I have had a really hard time figuring out what I have genuinely feared about in life. Certainly I have lived through scary situations such as my abusive relationships and having my daughter removed from my custody for a year as a result. Of course I was also scared of being a single mom of two young babies and didn't believe that I could do it. But in my opinion, none of those scares were ever fears and to be perfectly honest I see having fears and being scared as two totally different things. The more I reflect I can tell you what I do fear
1.) Not making it in this world financially
2.) Never having the courage to be confident and just be myself
3.) Being single forever (yes, that falls under the category of fear)
4.) Not ever having the courage and belief in myself to let doubts be gone and accept myself for who I am and to realize that I can do anything that I set my mind to.
These fears can be an anchor in a person's life and absolutely they have been some in mine. These fears are just the start of the cycle that happens internally which ultimately leads to anxiety and break downs. These four fears are some things that I have decided to really give some time and energy to work on because I believe once these fears have been conquered that it will indeed be a beautiful thing and that I can become aware and accepting of it, thus I will be able to be able to say that I made it to the other side of those fears and have came out on the other side wondering why I had worries and fears in the first place.
I am naturally afraid of having bad spending and financial habits, I am also afraid of not being accepted for who I am rather than have people base their decisions on what I have done, I am afraid of not having a healthy companionship and marriage one day, I am also afraid of living my life without ever having the opportunity to look in the mirror and say "wow you really are beautiful".
It is because of these fears that I choose to simply continue on living my life and attack these issues head on and do something about them. Not letting them hinder me in anyway but providing awesome stepping stones to making me a better person with a stronger and more confident head on my shoulders.

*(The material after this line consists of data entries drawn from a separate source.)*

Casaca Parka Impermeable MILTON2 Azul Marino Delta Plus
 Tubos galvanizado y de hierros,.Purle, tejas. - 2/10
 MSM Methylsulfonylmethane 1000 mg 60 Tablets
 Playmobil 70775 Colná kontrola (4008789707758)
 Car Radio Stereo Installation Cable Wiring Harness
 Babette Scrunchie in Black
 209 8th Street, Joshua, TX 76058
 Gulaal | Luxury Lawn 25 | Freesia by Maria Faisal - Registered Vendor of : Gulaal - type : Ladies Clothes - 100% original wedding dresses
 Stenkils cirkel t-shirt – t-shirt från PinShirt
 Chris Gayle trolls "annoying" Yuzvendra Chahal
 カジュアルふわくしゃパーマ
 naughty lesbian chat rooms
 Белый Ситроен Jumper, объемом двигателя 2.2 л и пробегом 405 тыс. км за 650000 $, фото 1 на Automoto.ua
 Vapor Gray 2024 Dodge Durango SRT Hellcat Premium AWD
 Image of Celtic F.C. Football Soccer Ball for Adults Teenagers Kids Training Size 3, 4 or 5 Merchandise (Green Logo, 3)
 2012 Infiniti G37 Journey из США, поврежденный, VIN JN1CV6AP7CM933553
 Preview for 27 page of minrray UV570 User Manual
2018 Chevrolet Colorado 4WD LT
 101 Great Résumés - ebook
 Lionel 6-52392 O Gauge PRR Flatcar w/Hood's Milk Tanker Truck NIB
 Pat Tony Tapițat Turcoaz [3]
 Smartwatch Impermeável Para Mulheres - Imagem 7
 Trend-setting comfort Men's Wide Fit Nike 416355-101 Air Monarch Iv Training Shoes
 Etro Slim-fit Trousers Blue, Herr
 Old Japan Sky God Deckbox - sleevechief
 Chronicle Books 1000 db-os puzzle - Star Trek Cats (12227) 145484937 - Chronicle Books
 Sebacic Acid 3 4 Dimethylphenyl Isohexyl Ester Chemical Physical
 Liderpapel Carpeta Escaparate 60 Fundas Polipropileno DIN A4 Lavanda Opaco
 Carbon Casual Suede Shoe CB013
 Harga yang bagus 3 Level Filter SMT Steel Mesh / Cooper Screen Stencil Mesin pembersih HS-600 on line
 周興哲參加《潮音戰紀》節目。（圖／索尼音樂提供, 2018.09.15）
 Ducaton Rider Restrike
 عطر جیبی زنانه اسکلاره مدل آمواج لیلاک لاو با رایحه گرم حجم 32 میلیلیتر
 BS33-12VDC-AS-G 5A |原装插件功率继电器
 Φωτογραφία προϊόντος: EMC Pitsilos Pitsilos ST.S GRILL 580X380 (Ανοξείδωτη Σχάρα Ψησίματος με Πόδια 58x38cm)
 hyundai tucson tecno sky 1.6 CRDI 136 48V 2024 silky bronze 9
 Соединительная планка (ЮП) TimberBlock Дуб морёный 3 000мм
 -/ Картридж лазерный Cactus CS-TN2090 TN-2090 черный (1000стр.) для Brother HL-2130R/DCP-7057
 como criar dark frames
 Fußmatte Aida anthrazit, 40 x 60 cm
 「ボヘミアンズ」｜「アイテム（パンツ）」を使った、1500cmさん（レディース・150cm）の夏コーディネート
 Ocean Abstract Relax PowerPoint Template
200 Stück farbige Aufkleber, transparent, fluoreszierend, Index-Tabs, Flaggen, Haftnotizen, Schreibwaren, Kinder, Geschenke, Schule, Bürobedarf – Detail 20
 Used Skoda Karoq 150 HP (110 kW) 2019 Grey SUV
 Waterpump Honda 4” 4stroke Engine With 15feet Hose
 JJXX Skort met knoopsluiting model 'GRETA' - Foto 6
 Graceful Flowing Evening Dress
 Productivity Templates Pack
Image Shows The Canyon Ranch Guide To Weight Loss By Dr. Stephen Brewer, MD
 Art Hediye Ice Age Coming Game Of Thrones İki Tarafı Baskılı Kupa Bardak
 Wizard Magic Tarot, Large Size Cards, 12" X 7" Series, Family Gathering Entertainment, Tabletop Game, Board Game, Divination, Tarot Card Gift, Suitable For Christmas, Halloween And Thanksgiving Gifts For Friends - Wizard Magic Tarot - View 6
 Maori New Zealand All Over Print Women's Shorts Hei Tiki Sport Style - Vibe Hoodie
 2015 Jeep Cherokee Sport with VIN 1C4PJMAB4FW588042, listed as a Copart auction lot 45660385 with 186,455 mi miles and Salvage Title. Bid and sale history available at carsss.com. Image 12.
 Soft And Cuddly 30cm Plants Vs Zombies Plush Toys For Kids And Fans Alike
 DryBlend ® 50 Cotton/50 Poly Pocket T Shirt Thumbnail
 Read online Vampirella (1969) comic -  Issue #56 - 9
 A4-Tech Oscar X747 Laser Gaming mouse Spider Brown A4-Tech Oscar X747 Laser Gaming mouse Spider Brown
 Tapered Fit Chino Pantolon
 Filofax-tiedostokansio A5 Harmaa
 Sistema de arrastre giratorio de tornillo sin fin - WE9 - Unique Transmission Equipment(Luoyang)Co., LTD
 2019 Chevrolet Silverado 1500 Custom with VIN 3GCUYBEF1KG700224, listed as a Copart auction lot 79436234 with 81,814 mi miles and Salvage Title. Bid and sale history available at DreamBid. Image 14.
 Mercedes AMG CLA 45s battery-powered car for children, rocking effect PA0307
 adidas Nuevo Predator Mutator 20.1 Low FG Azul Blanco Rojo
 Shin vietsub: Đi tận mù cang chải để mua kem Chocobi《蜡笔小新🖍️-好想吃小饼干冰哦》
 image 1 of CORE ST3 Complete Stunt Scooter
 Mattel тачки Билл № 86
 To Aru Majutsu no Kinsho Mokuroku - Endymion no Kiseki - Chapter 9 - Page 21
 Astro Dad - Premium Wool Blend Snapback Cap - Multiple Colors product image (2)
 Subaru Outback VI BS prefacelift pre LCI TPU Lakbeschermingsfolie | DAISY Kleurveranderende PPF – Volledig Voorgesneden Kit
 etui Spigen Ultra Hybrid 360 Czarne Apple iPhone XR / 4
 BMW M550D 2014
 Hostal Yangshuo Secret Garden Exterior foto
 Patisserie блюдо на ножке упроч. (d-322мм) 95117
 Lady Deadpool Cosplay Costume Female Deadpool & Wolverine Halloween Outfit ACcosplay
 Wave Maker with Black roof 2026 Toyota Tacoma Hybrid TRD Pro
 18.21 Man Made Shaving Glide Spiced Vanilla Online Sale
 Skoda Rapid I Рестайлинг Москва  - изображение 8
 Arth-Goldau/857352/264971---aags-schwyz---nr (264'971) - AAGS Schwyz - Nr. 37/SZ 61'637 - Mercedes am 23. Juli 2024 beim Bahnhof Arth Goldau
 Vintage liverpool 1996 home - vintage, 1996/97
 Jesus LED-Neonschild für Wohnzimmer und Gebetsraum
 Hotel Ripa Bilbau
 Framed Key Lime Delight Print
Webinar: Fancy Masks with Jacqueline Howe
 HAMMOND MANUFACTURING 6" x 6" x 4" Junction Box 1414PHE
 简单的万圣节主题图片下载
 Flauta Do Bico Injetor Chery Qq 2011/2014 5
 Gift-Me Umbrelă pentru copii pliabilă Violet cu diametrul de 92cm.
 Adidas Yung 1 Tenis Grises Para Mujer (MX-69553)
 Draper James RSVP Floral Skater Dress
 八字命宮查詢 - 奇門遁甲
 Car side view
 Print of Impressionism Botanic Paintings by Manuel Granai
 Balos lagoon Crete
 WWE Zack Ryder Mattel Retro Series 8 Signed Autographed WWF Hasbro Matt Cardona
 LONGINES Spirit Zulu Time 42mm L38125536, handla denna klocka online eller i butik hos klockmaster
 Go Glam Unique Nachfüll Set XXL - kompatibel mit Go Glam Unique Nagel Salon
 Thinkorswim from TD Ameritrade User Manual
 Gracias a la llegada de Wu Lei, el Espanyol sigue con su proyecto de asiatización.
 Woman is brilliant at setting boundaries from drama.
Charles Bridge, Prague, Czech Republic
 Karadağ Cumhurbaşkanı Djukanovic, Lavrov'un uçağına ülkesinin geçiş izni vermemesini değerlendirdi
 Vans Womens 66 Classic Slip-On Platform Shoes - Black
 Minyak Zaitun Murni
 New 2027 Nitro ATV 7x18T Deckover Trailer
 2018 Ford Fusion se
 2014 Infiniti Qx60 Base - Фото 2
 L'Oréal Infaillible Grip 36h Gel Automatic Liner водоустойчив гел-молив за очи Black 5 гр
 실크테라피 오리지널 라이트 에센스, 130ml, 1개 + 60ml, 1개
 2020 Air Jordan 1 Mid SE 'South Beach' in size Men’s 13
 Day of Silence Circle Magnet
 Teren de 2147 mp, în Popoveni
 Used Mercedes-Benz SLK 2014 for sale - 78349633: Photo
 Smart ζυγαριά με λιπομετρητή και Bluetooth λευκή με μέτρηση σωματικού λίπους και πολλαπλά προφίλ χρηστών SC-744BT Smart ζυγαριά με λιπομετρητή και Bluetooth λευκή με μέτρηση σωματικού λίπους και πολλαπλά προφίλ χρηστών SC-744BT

I rarely become afraid of anything, but I become anxious in everything. It is through anxiety that I can come through to the other side and see the blessings that I couldn't see in the midst of a panic attack or other mindful journey that ultimately led me to the middle of no where. It's because I choose to ignore these fears and see myself afraid of anything that could get in my way that I can stand and stay, yes that truly is beautiful that I am able to do that. Through this particular journey I really hope to be able to return back to myself and others and be able to proclaim that my fears have been erased and have been replaced with peace and acceptance of myself. My hope is that others will be able to do the same.